I have now narrowed down the issue to an instance where slapd is partially "hung" and will not stop nor restart. This directly correlates to replication breaking because SLAPD is breaking:
Oct 11 18:22:08 server1 slapd[10771]: <= bdb_equality_candidates: (uidNumber) not indexed Oct 11 18:22:08 server1 slapd[10771]: <= bdb_equality_candidates: (gidNumber) not indexed Oct 11 18:22:08 server1 slapd[10771]: <= bdb_equality_candidates: (uidNumber) not indexed Oct 11 18:46:41 server1 slapd[10771]: <= bdb_equality_candidates: (uidNumber) not indexed Oct 11 18:48:37 server1 slapd[10771]: <= bdb_equality_candidates: (uidNumber) not indexed Oct 11 18:49:05 server1 slapd[10771]: daemon: shutdown requested and initiated. Oct 11 18:49:05 server1 slapd[10771]: slapd shutdown: waiting for 0 operations/tasks to finish
As you can see, the exact time when this occurs doesn't bring anything interesting to the logs. You can see the repeated string of index warnings (not an issue, just haven't indexed this attribute yet) followed by my attempt to restart slapd when I receive a notification indicating there is a replication discrepancy.
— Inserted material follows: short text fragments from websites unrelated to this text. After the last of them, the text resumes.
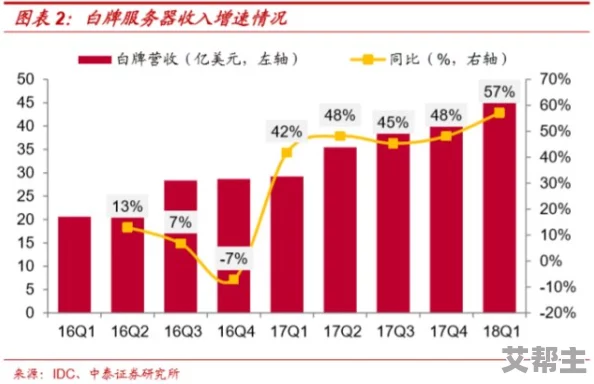 国产精品国产三级国产an：最新政策推动影视行业发展，助力原创内容崛起与市场繁荣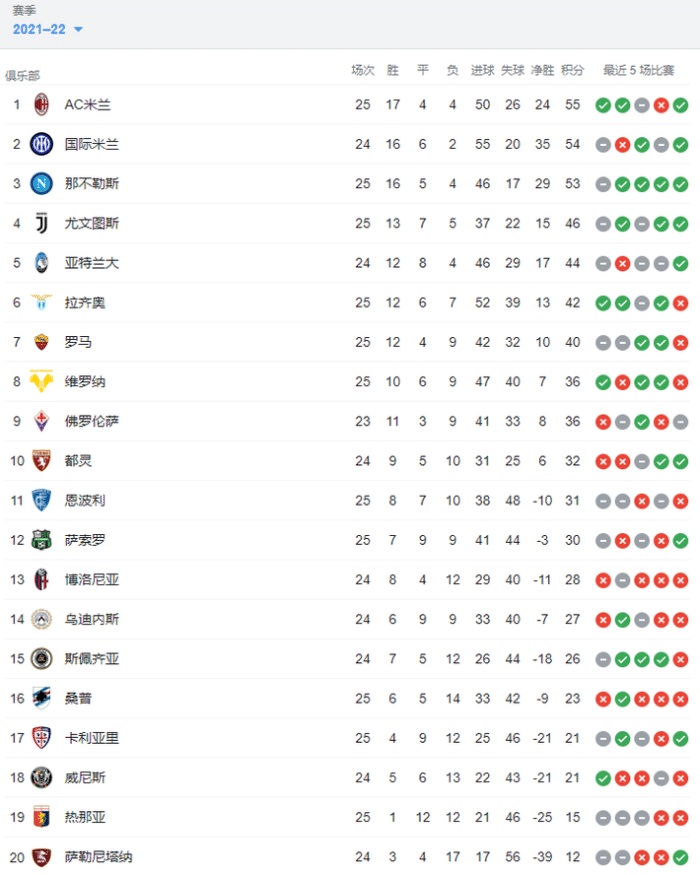 意甲积分榜：米兰跃居首位，国米那不勒斯紧随其后
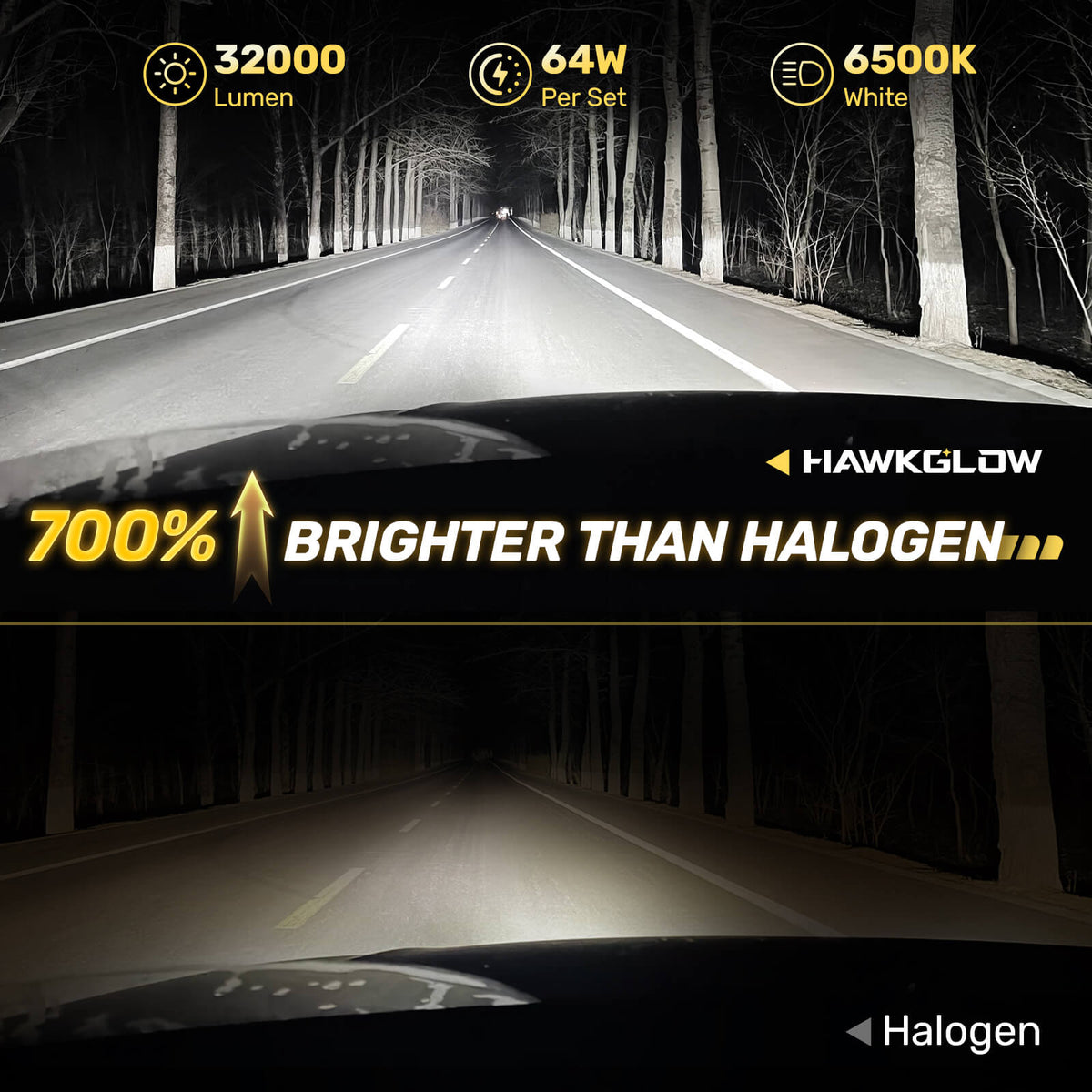 hb4 9006 headlight bulb - Enhanced Safety with 32000LM Output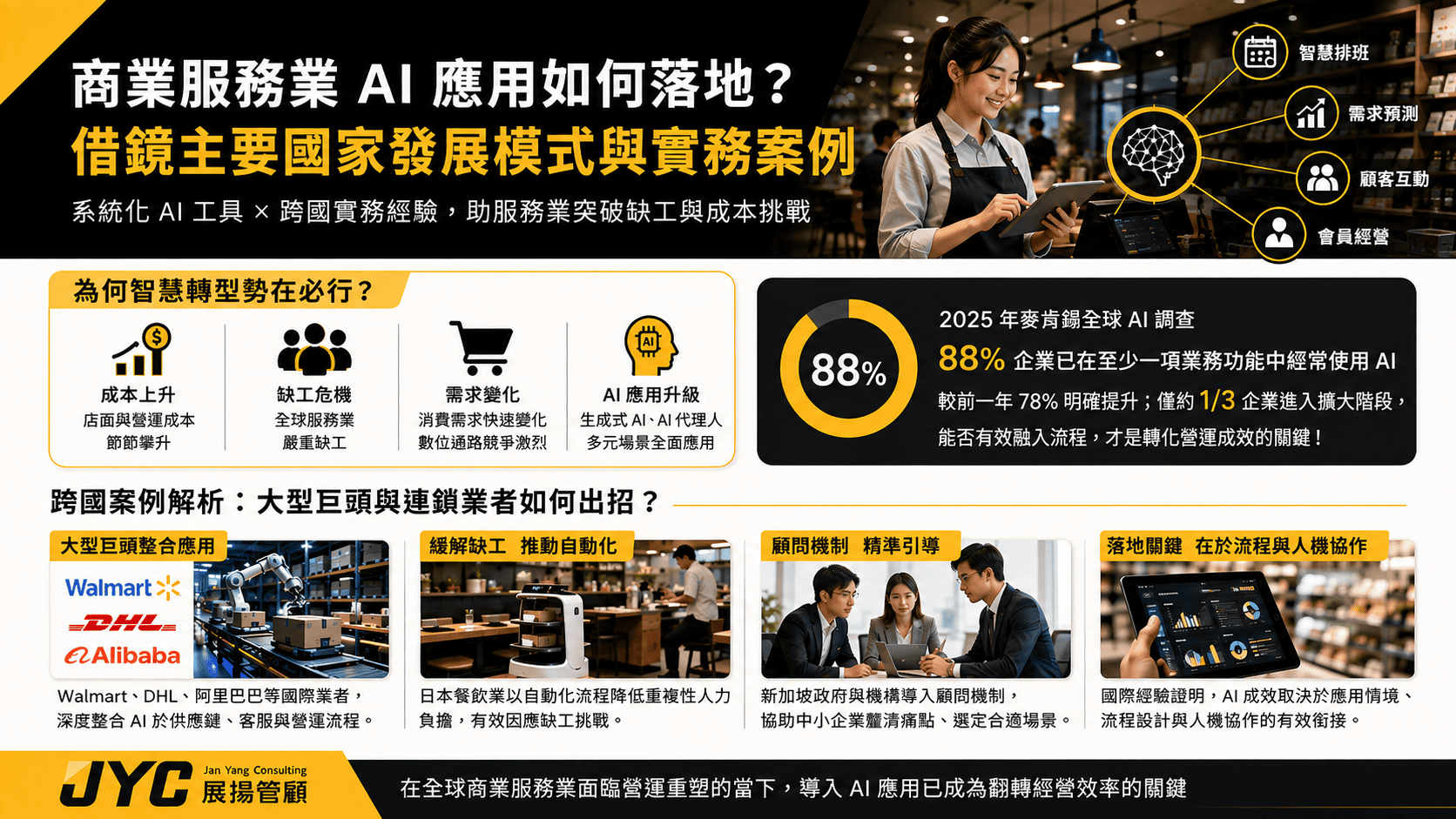商業服務業 AI 應用如何落地?借鏡主要國家發展模式與實務案例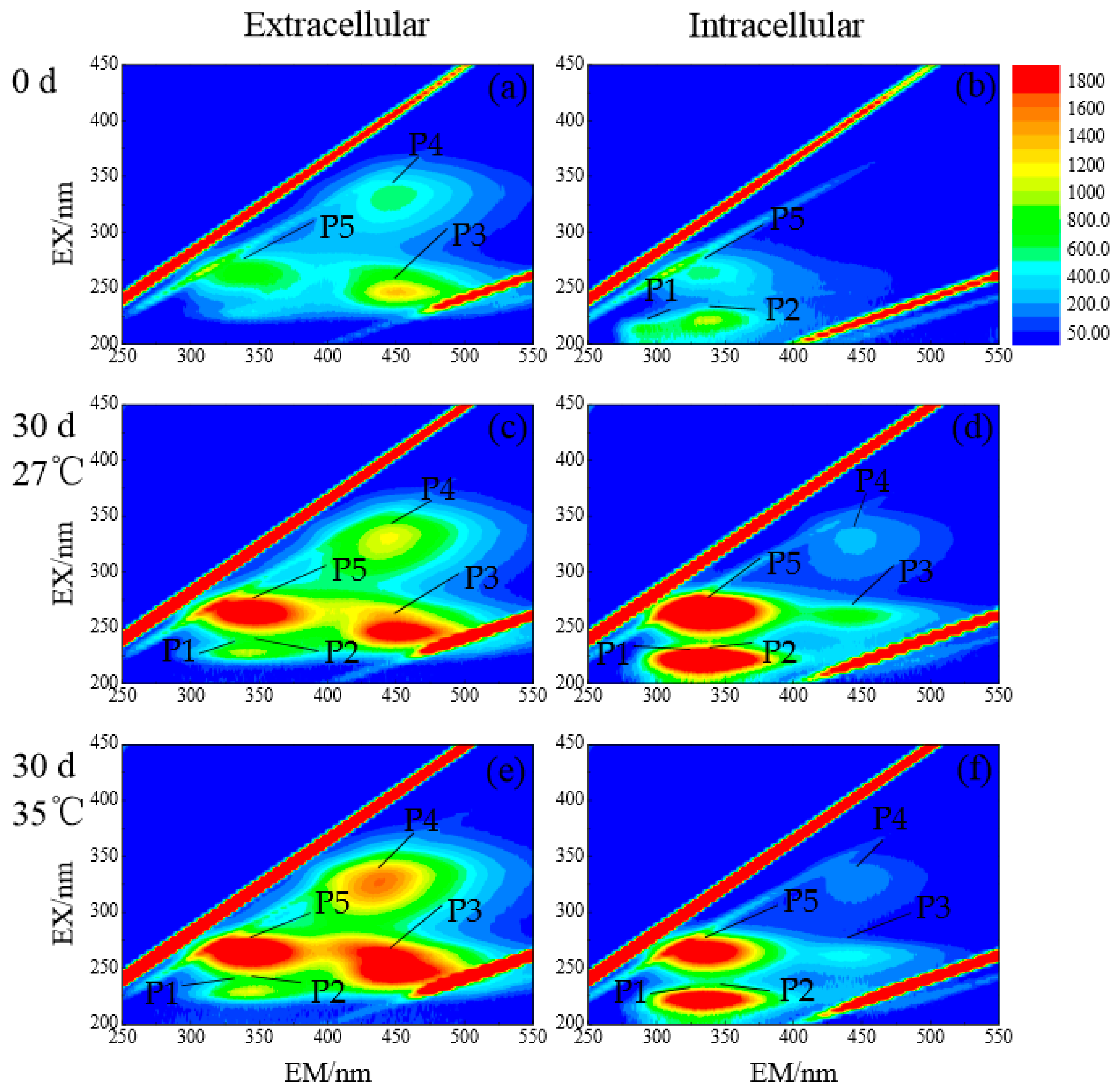 Water 09 00859 g005 Water 09 00859 g005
I have grepped through all of my logs (dmesg, debug, syslog) for anything related to slapd. What you see above is the more interesting of the hits returned.
PLEASE help -- the issue is getting more serious now, and by the evidence I've presented, is looking more and more out of my control.
You've seen my config - can anyone think of why this would happen? It seems vaguely like a locking issue ....
Thanks
Jeff